Most importantly, unlike Armenia, Belarus is privileged with resiliency in its regional neighborhood. As I have argued in these pages and in my work on regional fracture in world politics, the extent of regional connectivity in Russia’s vicinities can make or break Russia’s incursions into its “near abroad”, be they military or hybrid. The democratic consolidation in the Baltic states is an obvious political asset for a pro-democracy movement in Belarus. A stronger regional pole of democracies in a region makes it more costly for autocrats in the region to defend their rule. Less appreciated is the regionally integrated fabric among the Baltic states, which models regionally-organized civic culture and people power. With the Kremlin in its backyard, this regionally-wired democratic model works to support grassroots processes of political mobilization. It also helps to modify and prevent the looming polarization inside Belarus which authoritarian coordination between Lukashenko and Putin is set to create.

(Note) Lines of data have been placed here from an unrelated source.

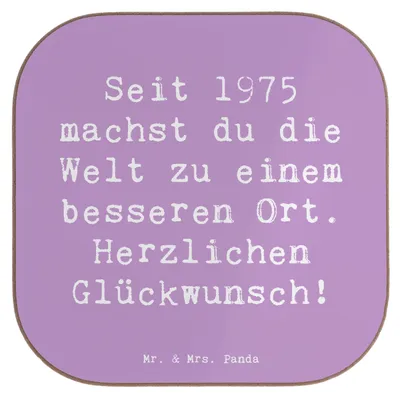 Produktbild von Mr. & Mrs. Panda Flaschenuntersetzer Spruch 1975 Geburtstag - Lavendeltraum - Geschenk, Herzlichen Glückwunsch, Geburtstagsgeschenk, Erinnerungen, Untersetzer Glas, Jahr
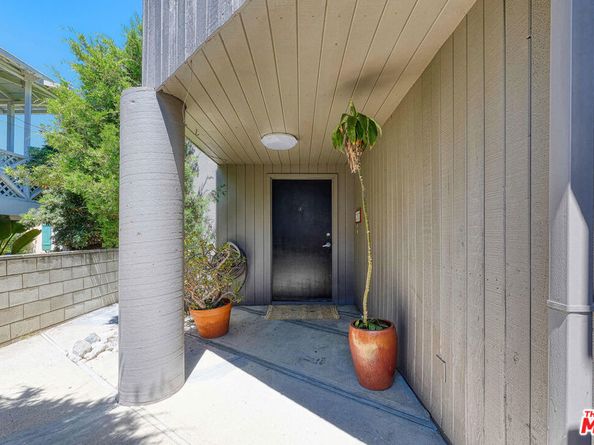 253 Fairview Street, Laguna Beach CA 92651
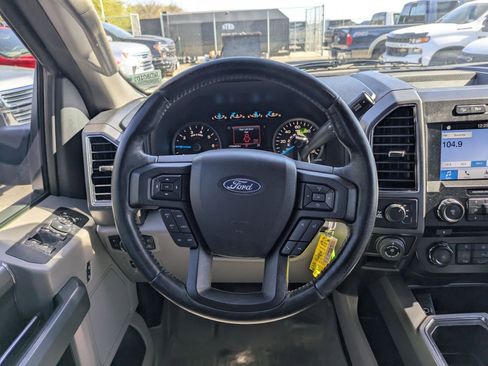 Used 2018 Ford F150 XLT w/ Equipment Group 302A Luxury image 21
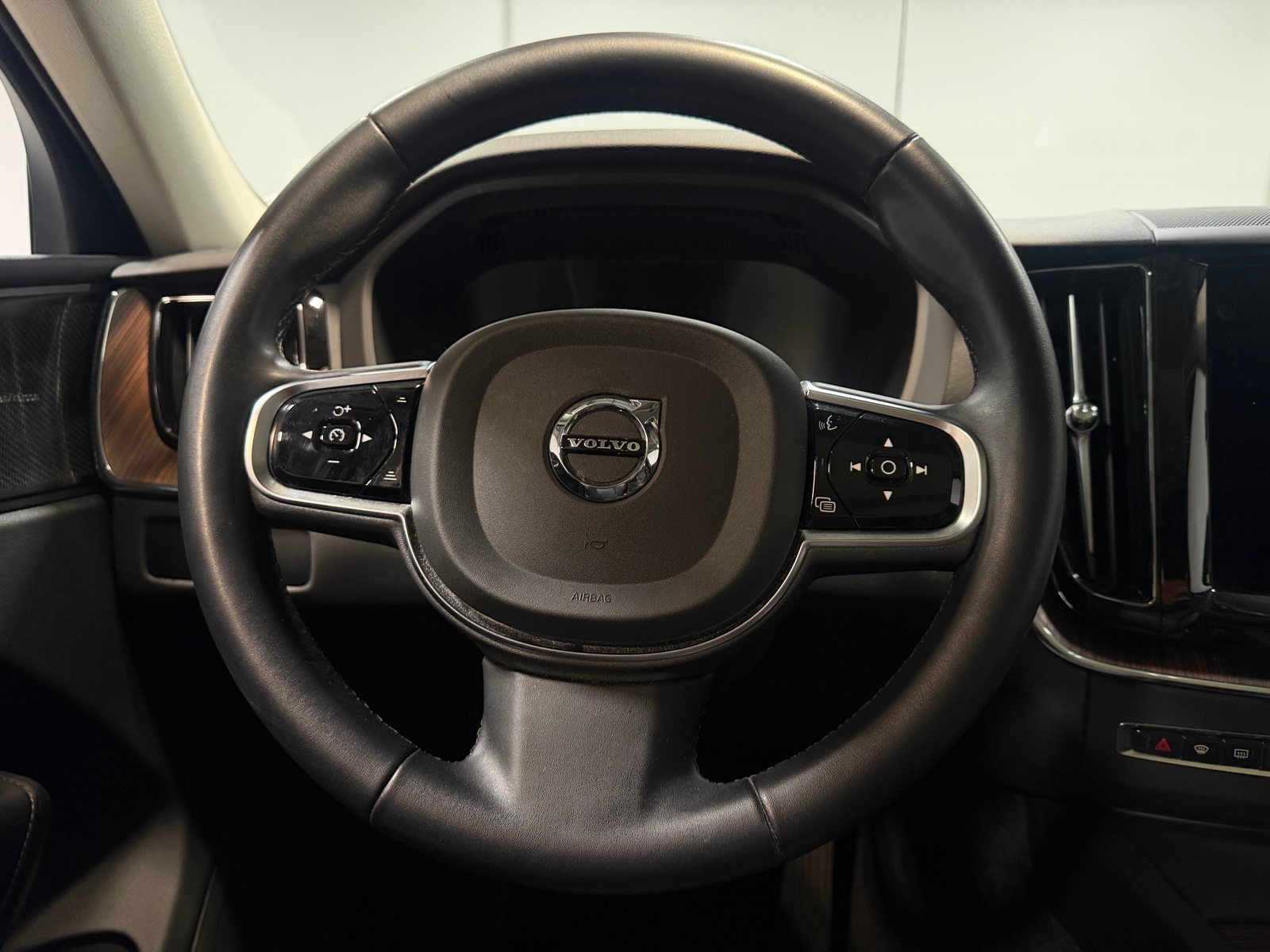 Thumbnail: 2023 Volvo XC60 - 4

Aside from the specific model of Baltic democracies, Belarus is surrounding by other democracies, some more consolidated than others. This is in sharp contrast to Armenia which is surrounded by authoritarian states, the sole exception being a democratic Georgia to the north. Forming a democratic dyad with Georgia, Armenia’s movement succeeded in its breakthrough, and perhaps this factor helped to constrain Russian involvement during its Velvet Revolution. The cost for Russian intervention in Belarus would be much higher for the Kremlin given the regional resiliency around Belarus from the Baltics to Poland. And unlike in Armenia, Putin’s erstwhile push to formally unite Belarus with Russia has already created a backlash among the populace in Belarus, exposing the disingenuous nature Putin’s claims of “protecting” Belarus’ security and independence. Russian intervention in the context of post-election protests can revive such fears and push many more into the streets.